In each panel, the recovery performance of our algorithm, as measured by the rescaled normalized mutual information (NMI) of Eq. (5), is plotted on the y-axis against the level of within-cluster noise ϵ_within on the x-axis, for between-cluster noise a ϵ_between = 1.0, b ϵ_between = 2.0, c ϵ_between = 5.0, and d ϵ_between = 10.0. The number of covariate categories R is varied within each the panel (denoted by different colors), and the number of clusters is set to K = 5. Error bars represent 2 standard errors in the mean.

Overall, the results of Fig. 1 indicate that our minimum description length regionalization algorithm is able to successfully recover artificially planted clusters, even in the presence of substantial noise, with the performance varying as expected with the level of homogeneity within and between clusters. We now move on to examine its performance on real ethnoracial distribution data.

Case study: Ethnoracial composition of the New Haven-Milford metropolitan area

To illustrate how the clusters obtained with our regionalization algorithm capture meaningful patterns in real data, we look at a case study of the ethnoracial evolution of the New Haven-Milford, Connecticut metropolitan area, using the data described in Methods. This metro was chosen for the case study analysis due to a clearly visible spatial evolution of different ethnoracial groups and relatively low heterogeneity in census tract density in comparison with other smaller metros in our dataset, both factors allowing for a clear visual analysis of its temporal segregation patterns. Additionally, the New Haven-Milford metro exhibits a noticeable increase in ethnoracial diversity at small scales, which will help us motivate the analysis in the next section.

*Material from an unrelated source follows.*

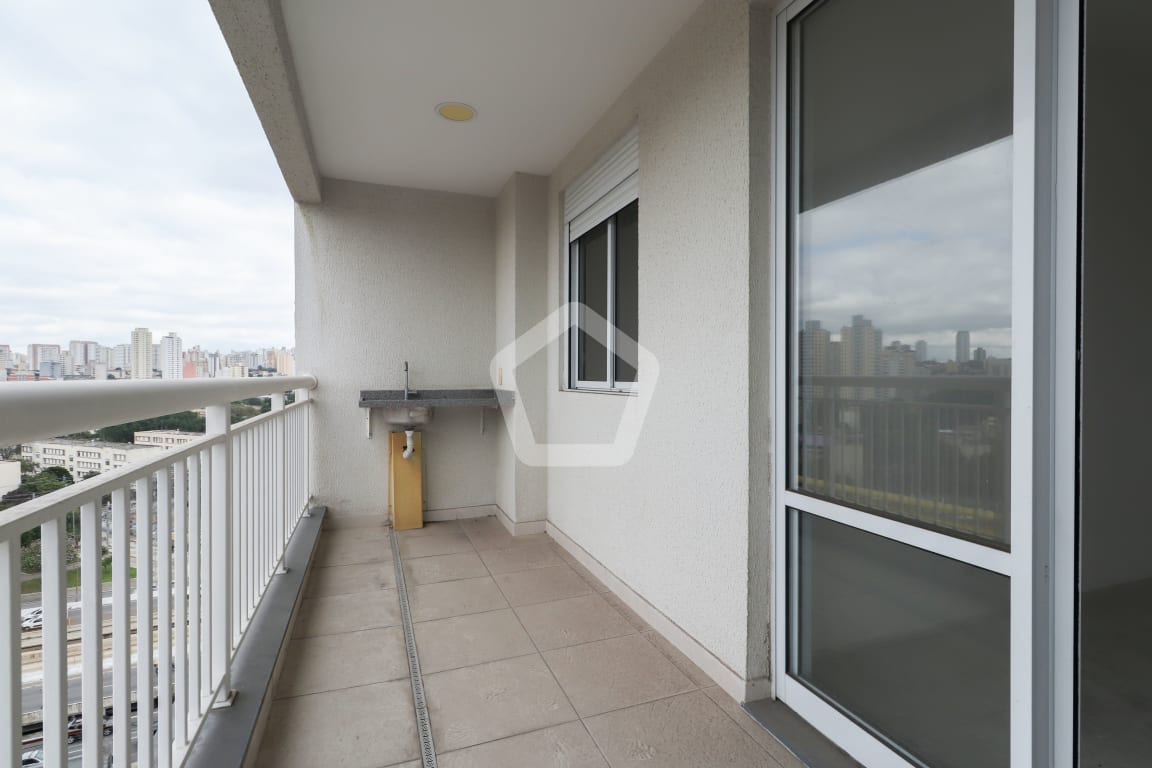 Imagem do imóvel ID-144374 na Rua Wandenkolk, Mooca, São Paulo - SP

In Fig. 2, we show the evolution of the spatial distribution of ethnoracial groups, along with the regional boundaries inferred from minimizing the description length in Eq. (16), for the census tracts in the New Haven-Milford metro area between 1980 and 2010. Points are distributed randomly within each tract in proportion to the fraction of the population in each ethnoracial category. We can see that, in general, the clusters inferred through our algorithm correspond to heterogeneities in the spatial densities of these ethnoracial groups. The outlying tracts in the clusters, particularly in the year 2000, do not have as high a proportion of minority ethnoracial groups as the more densely packed areas of the clusters, but we can see these areas begin to fill out with minority populations over time (their inclusion status in the cluster is determined by their slightly higher relative concentrations of the minority groups dominant in the core of their cluster, compared to nearby areas).

Fig. 2: Ethnoracial distributions in census tracts within the New Haven-Milford, Connecticut metropolitan area.

Census tracts are delineated with thin black borders and inferred cluster boundaries from the minimum description length regionalization algorithm are shown with thick black borders for each decade a 1980, b 1990, c 2000, d 2010. Colored points are distributed at random within each tract and each color covers an area proportional to the fraction of the population within the tract that falls under the corresponding ethnoracial category. The inverse compression ratio η (Eq. (18)) and the optimal number of clusters K are shown for each decade.

Two emerging Black/Hispanic clusters in the north and one in the south are the primary clusters dense with minority populations that are captured by the algorithm, which assigns the rest of the metro to a single more rural/suburban and predominantly White cluster in all years (in 2000 and 2010 this cluster is broken into two due to contiguity requirements). We see that these clusters trend towards higher percentages of Hispanics relative to Non-Hispanic Blacks, which is consistent with the high influx of Latinos to the area between 1990 and 2000³³. The spatial extent of these Black/Hispanic clusters increases over time, reaching out into the less dense region of the metro that was predominantly White in 1980, which is consistent with “White flight” during deindustrialization as well as the expanding influence of Yale University in the south³⁴. In 2010, we see a slightly different configuration of clusters, with the northern Black/Hispanic clusters remaining largely intact, but the southern-most cluster splitting into a largely Black/Hispanic cluster and one relatively mixed cluster. In 2000, this mixed cluster was merged with a primarily Black cluster, but in 2010 we can see that the movement of Hispanic population into the previously Black cluster provided a high enough level of Black/Hispanic mixing to create a single dense southern-most cluster, and a separate cluster to the north with smaller overall minority populations. In 2010 we also see the emergence of a new largely Hispanic cluster to the west. These emerging clusters are reflected by an increasing optimal number of clusters, K, over the last three decades. The high level of spatial aggregation of Hispanic populations we see in the New Haven-Milford metro area is consistent with a general trend revealed by a fractal scaling analysis of large U.S. cities³⁵, which found that from 1990 to 2010 the fractal dimensions of predominantly Hispanic areas increased in most of the cities studied.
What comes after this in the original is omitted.